Web page caption snippets:
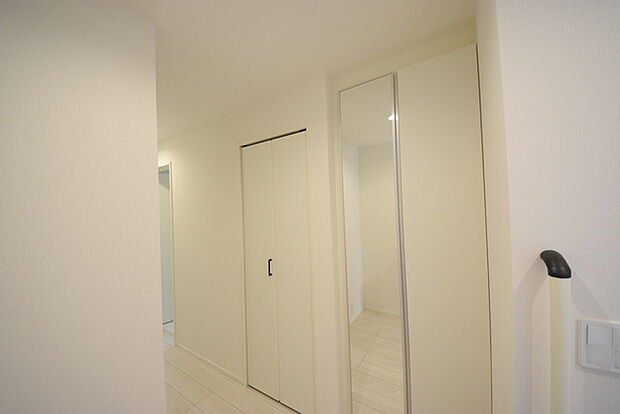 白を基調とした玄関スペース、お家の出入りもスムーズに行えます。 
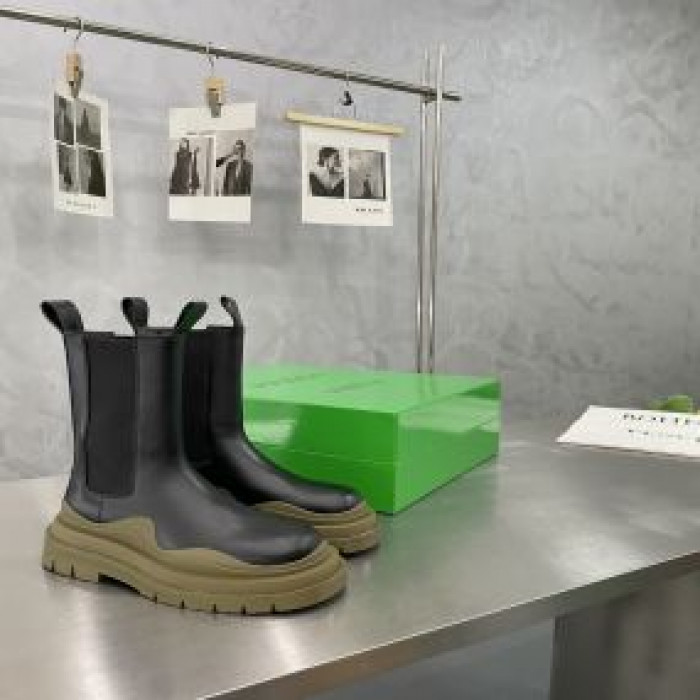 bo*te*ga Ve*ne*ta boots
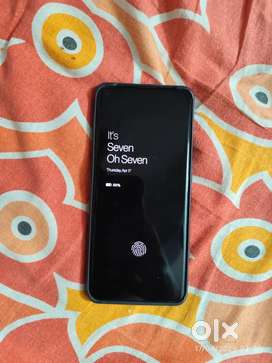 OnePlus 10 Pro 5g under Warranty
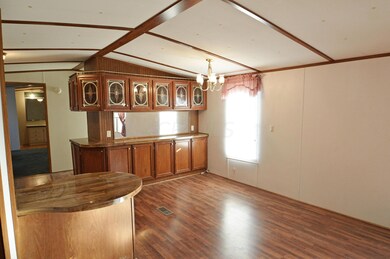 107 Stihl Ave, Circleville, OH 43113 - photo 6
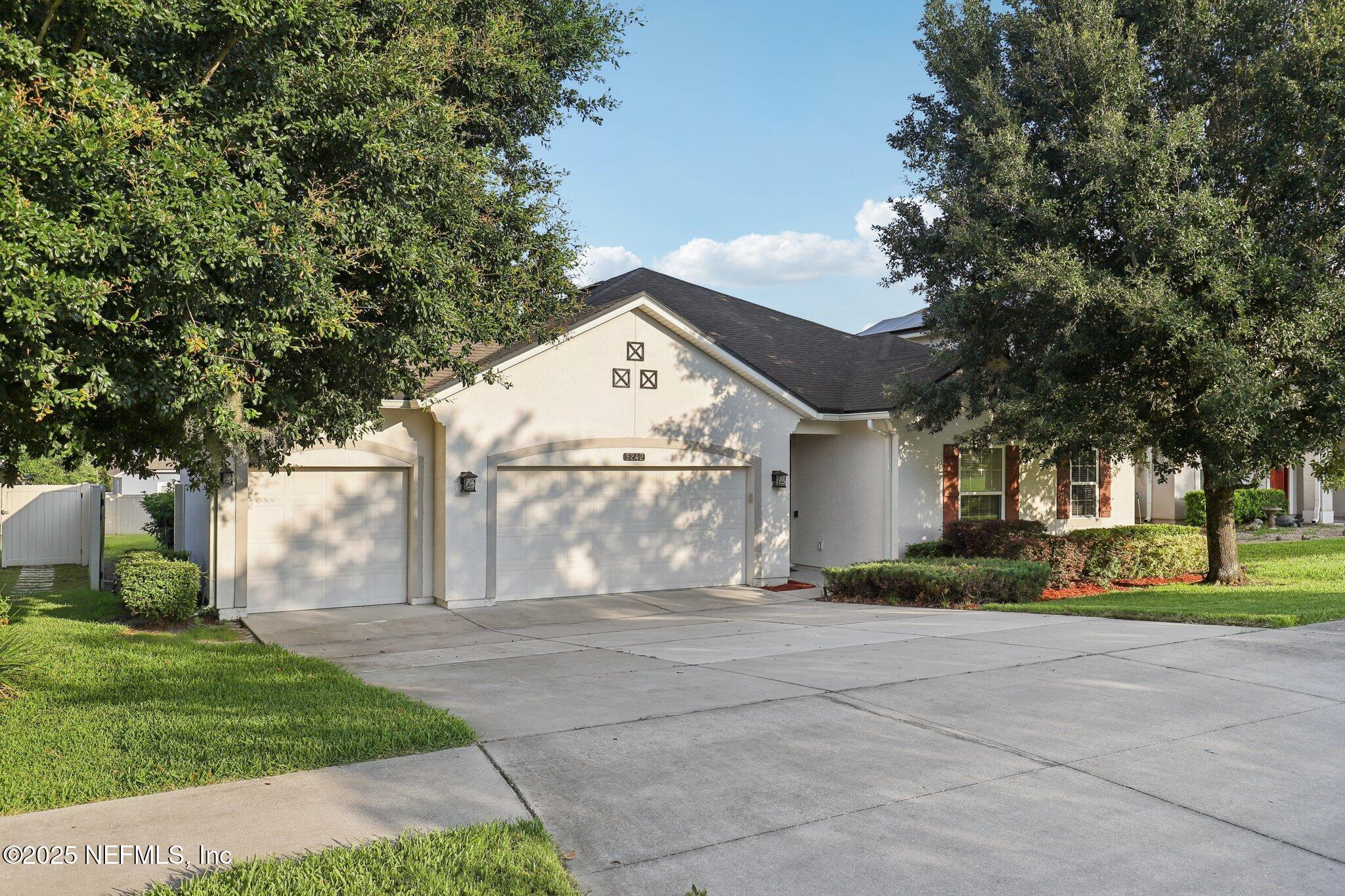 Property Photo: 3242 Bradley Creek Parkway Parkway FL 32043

● EXERCISE DIRECTIONS
Give again exactly the lines from the one holding "OnePlus 10 Pro 5g under Warranty" to the final line of the records, both ends included; any pictures stay out.

● EXPECTED ANSWER
 OnePlus 10 Pro 5g under Warranty
 107 Stihl Ave, Circleville, OH 43113 - photo 6
 Property Photo: 3242 Bradley Creek Parkway Parkway FL 32043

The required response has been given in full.